Não digo que o relatório seja político, e não técnico, como atira o PSD, mas percebe-se o desconforto de alguns juízes conselheiros da 2.ª Secção (a que emitiu o relatório) que exerceram cargos no período da troika.

o PCP, como revelou, em primeira mão, o secretário-geral, a 6 de janeiro, num comício na Maia, no distrito do Porto, vai propor a realização de uma comissão parlamentar de inquérito (CPI) à privatização da ANA, logo após as eleições legislativas de 10 de março.

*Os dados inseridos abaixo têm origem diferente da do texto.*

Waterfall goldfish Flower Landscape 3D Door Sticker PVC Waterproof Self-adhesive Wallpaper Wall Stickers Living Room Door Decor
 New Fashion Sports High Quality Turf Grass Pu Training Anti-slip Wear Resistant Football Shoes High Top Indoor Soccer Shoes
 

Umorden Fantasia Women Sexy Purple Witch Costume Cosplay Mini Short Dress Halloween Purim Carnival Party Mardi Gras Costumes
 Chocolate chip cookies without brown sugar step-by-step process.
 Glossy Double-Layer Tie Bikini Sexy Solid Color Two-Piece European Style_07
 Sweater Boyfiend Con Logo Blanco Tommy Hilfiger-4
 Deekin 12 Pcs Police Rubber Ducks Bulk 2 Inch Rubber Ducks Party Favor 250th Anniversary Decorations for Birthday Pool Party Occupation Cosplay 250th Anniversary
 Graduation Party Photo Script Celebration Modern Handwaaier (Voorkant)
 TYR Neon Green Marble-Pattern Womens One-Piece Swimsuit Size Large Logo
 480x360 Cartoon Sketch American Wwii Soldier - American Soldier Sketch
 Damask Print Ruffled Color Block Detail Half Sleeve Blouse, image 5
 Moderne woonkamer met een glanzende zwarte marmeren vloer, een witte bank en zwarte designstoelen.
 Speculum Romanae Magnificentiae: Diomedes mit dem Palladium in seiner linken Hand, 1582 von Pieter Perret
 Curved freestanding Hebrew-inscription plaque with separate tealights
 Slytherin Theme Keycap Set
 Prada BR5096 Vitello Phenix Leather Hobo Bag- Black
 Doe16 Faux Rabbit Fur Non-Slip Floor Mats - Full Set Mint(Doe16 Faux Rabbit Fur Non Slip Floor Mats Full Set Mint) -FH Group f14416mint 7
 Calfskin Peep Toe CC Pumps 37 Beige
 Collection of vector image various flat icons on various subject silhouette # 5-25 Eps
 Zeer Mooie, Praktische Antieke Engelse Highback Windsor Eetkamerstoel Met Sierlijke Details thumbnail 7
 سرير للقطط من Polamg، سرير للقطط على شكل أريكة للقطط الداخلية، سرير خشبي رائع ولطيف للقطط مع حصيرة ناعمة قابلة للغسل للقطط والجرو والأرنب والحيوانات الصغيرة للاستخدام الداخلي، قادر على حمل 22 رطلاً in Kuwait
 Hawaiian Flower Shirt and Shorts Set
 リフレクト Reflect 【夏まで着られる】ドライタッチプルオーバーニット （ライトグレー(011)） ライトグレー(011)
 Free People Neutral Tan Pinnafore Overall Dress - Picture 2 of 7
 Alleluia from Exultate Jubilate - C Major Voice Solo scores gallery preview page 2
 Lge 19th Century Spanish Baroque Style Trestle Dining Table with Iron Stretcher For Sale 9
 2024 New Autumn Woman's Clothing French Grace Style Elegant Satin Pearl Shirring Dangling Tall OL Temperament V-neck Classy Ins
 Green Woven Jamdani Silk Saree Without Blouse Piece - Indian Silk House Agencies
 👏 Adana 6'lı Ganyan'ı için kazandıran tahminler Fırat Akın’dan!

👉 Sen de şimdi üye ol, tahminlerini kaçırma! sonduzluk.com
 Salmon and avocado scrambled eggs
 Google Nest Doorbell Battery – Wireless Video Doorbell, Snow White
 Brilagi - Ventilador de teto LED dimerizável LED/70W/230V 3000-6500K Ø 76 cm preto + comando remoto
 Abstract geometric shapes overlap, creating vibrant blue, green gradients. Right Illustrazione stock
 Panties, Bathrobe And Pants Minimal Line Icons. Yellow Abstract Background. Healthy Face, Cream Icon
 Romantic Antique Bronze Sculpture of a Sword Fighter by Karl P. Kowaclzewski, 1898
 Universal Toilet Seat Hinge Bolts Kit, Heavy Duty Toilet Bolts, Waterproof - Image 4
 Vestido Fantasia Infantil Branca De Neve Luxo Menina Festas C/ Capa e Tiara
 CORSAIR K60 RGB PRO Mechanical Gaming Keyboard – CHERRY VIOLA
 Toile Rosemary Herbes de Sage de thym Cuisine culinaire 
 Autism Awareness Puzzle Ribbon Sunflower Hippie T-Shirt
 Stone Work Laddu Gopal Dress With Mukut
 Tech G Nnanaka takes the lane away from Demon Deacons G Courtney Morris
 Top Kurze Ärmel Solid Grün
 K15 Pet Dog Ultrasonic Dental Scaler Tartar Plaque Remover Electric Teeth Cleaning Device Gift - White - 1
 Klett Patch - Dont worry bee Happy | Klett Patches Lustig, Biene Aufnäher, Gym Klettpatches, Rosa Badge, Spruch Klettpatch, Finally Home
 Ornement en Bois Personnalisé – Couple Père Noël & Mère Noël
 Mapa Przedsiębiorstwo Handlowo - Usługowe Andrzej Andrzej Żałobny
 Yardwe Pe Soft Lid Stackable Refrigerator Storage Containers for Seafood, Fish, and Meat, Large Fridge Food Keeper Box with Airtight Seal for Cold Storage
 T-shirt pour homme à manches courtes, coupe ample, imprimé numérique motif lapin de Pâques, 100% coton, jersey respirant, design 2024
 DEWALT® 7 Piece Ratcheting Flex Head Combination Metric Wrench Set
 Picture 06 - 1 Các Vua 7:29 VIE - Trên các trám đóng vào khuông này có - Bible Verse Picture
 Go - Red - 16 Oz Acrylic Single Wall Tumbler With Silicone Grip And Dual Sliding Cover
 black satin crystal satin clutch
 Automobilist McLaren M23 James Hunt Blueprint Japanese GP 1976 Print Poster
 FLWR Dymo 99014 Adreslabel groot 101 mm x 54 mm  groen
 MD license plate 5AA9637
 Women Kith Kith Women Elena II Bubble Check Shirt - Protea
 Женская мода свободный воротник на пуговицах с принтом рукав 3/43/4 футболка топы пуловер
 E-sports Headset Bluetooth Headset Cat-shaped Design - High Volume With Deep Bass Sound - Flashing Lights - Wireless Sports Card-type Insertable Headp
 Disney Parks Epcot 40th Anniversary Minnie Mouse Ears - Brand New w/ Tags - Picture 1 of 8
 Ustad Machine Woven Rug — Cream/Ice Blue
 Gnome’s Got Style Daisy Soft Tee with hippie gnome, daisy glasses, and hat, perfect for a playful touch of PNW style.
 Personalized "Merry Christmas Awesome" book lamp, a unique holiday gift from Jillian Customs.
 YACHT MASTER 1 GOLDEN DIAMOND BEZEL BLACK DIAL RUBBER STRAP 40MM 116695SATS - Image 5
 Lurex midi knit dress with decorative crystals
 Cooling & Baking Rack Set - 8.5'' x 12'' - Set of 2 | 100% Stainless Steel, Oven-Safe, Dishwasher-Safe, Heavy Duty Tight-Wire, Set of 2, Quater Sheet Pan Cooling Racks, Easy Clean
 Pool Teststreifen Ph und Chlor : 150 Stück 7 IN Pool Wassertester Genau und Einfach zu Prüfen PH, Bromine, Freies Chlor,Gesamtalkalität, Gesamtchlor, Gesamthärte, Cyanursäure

Paulo Raimundo salientou que, em nove anos, os donos da ANA ganharam 1.400 milhões de euros, mais do que o que tinham pago pela empresa. “Pior ainda, se nada for feito, até 2062, esta multinacional irá embolsar mais de 20 mil milhões de euros para os seus acionistas, 20 mil milhões que dariam para construir aeroportos, escolas, hospitais e que, em vez de ficarem no país, engrossarão a conta bancária de uns poucos”, atirou. Falando numa “vergonha, num crime e num assalto aos recursos nacionais”, considerou que se a privatização dos aeroportos foi um escândalo, escândalo maior seria permitir que esse “assalto ao país” continuasse até 2062, e defendeu que se impõe acabar com a “ruinosa privatização”, tendo o Estado português, não só o direito, mas o dever de agir para recuperar para o país o que nunca deveria ter sido entregue a uma multinacional.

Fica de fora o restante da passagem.